# ? on RWS Diana 34 .22



## TXpelletgunhunter (Jun 7, 2007)

They ae selling these at my sporting good store fore 175$ wich is in my price range. On he box it says the gun will shoot 800 fps. is this powerfull enough to kill rabbit, squirles, and birds? Is this gun reliable? Thanks for the help!


----------



## coyote_buster (Mar 11, 2007)

use some good penetrting pellets and it will be enough, dont know about dependability though


----------



## TXpelletgunhunter (Jun 7, 2007)

thanks! do you think it could kill crows? they are real pests around here


----------



## coyote_buster (Mar 11, 2007)

I don't know.
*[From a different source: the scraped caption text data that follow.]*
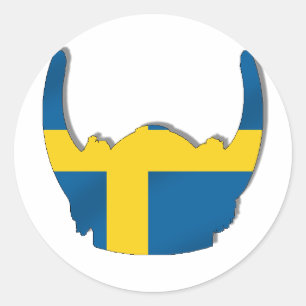 Schwedischer Wikingerhelm Flagge Schwedens Runder Aufkleber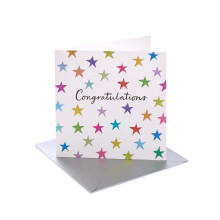 UK Greetings | Congratulations Card | Proud of You/Exam Results/Graduation | Her/Him | Shiny Stars Design | With Envelope | 165 x 165 mm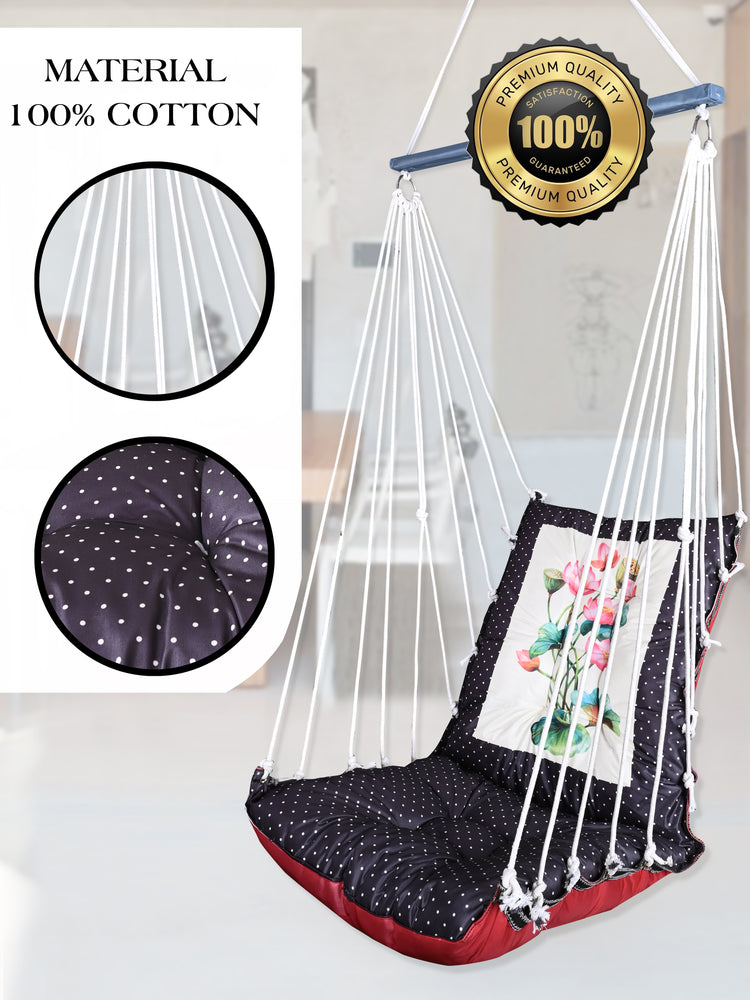Flower Printed Cotton Garden Hammock Swing For Adult & Kids Hammock Hanging Jhula Indoor & Outdoor For Home | Hanging Chair For Balcony, With 150 Kgs Weight Capacity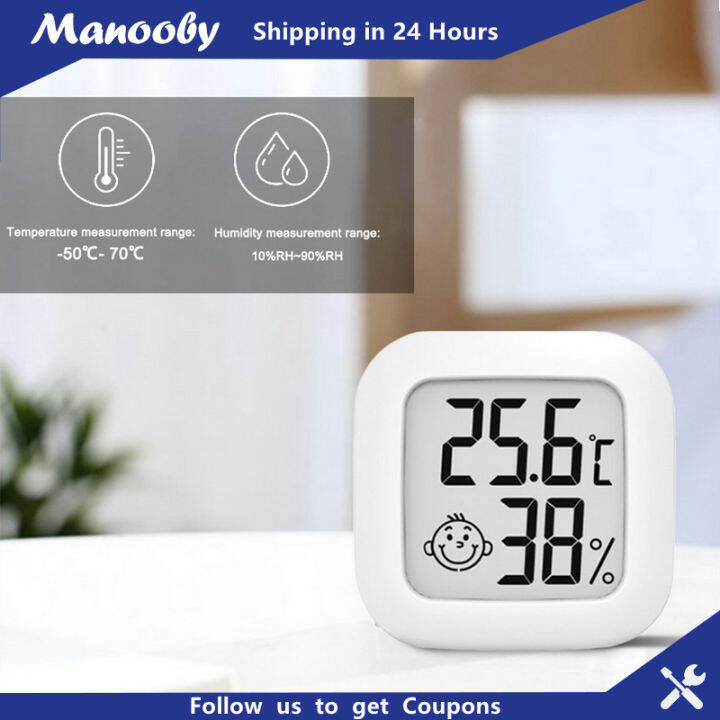 Manooby Digital LCD Thermometer Hygrometer, Indoor Mini Temperature ...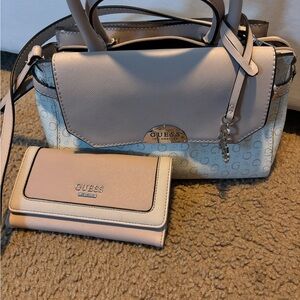 Guess Beige and Cream Satchel and Wallet Set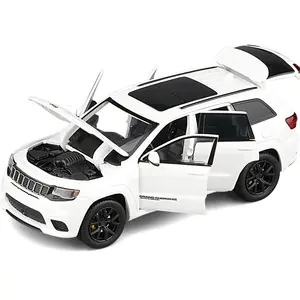 JKM 1:32 Diecast Grand Cherokee Trackhawk Car Toy Model Metal Alloy Car with Lights
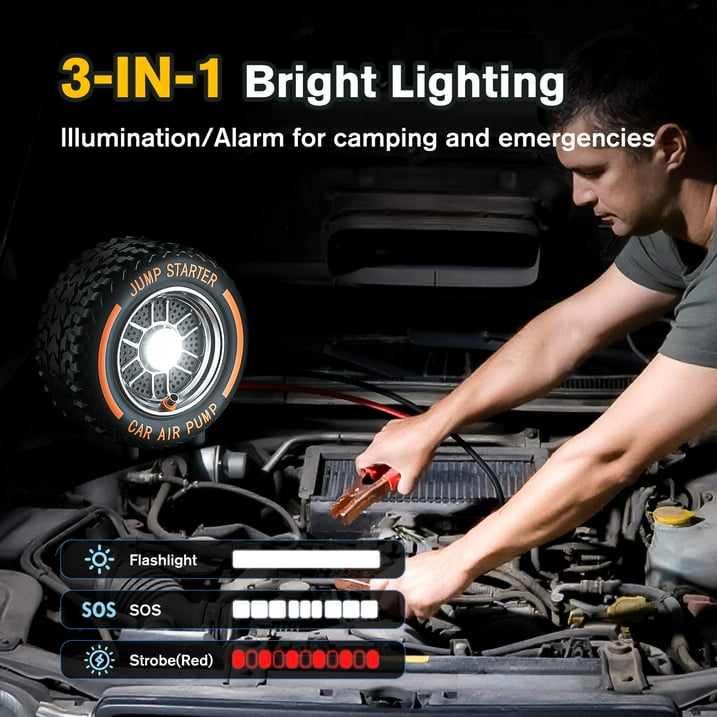 Car Jump Starter With Air Compressor Power Bank 3500A 150PSI Car Battery Jump Starter Digital Display Tire Inflator Portable Battery Jump Box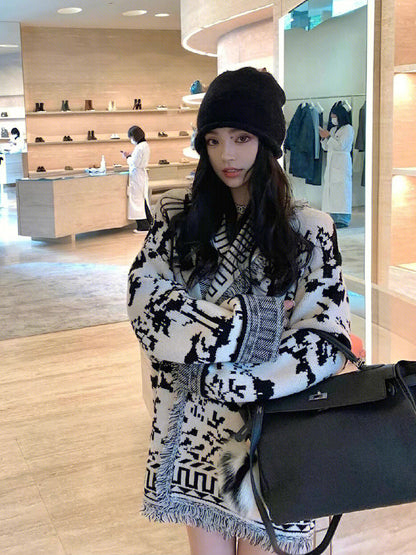 Knitted Cardigan Slouchy Sweater Female Luvéillé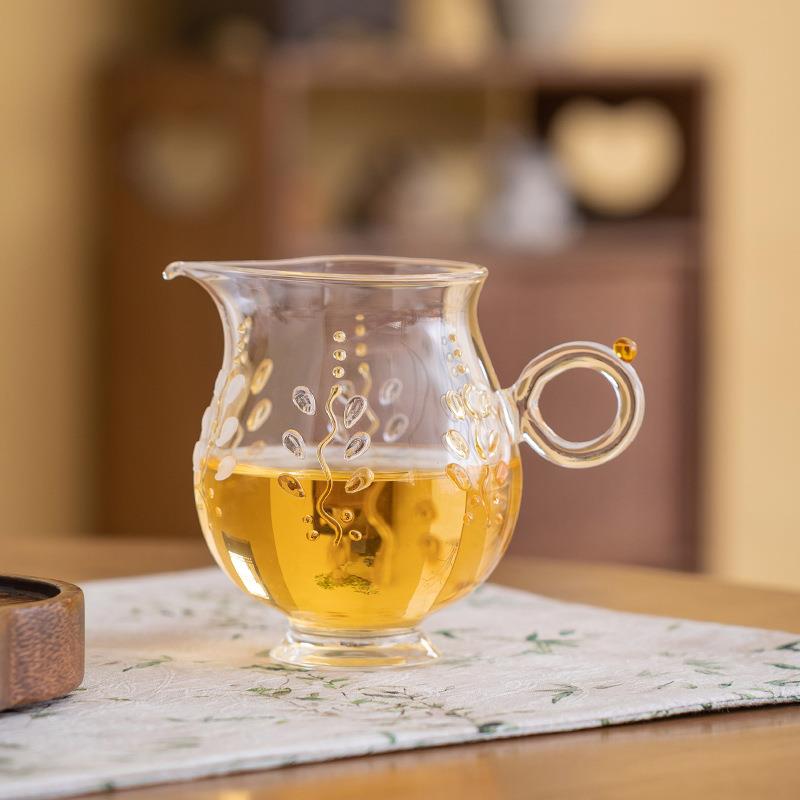 仙女器耐人高硼硅人工堆料手绘立体紫藤花公道杯玻璃耐热公杯茶具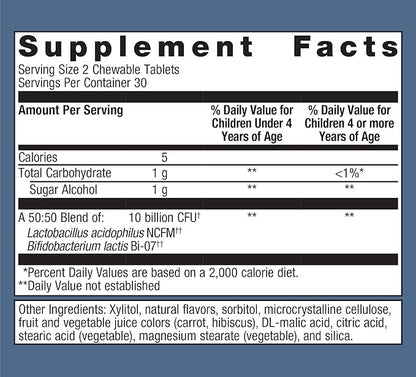 Metagenics MetaKids Probiotic - 10 Billion CFU - Children's Probiotic Blend - Digestive Health & Immune Health* - for Ages 3 & Up - 60 Tablets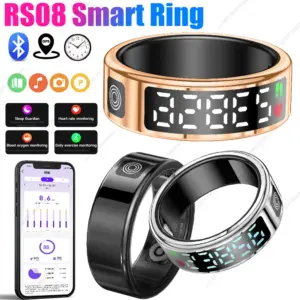 Stainless Steel Smart Ring with LED Display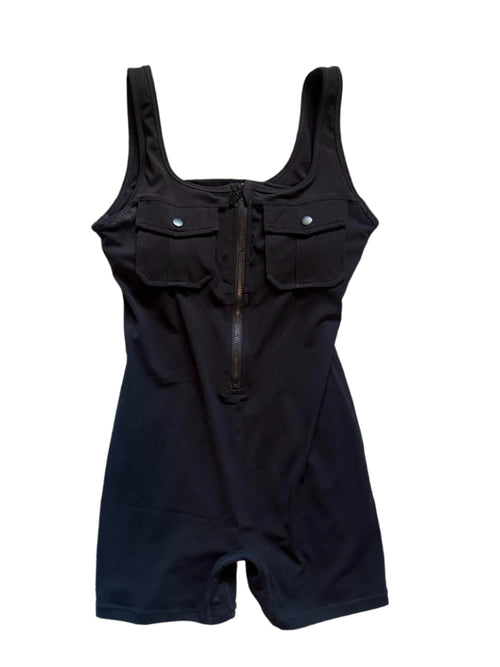 Women's One Piece Backless Sleeveless Jumpsuit with Pockets Cargo Zip Up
I never hunted crows. Might wan't to make sure it's legal. Check it out on the dove and crow forum.


----------



## scottjes000 (Jan 26, 2007)

I own that gun and have took out squirrels starlings and a crow with it geat acuracy and powerful enough to thwack them very depenebility.

the only downside is the recoil


----------



## coyote_buster (Mar 11, 2007)

I just got a $30 pellet gun with maximum of 600 fps. It is a ten pump and with five pumps I have already gotten a squirell at five yards and a starling at fifteen. The starling dropped dead and didn't flap it's wings or anything.


----------